DESCRIPTION OF THE TASK
From the first line to the last, print the material exactly, skipping the pictures.

INPUT DATA: Begin

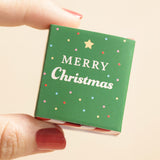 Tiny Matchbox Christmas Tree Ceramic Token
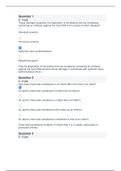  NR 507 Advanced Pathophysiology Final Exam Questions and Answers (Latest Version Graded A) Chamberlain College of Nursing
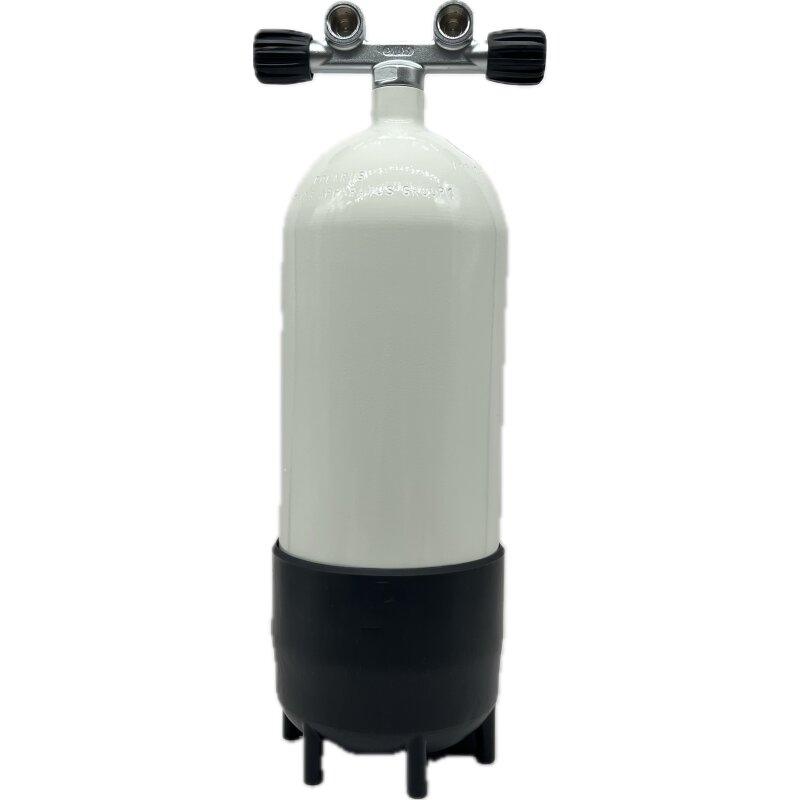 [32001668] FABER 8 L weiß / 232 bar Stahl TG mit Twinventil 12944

INPUT DATA: End

EXERCISE RESPONSE
 Tiny Matchbox Christmas Tree Ceramic Token
  NR 507 Advanced Pathophysiology Final Exam Questions and Answers (Latest Version Graded A) Chamberlain College of Nursing
 [32001668] FABER 8 L weiß / 232 bar Stahl TG mit Twinventil 12944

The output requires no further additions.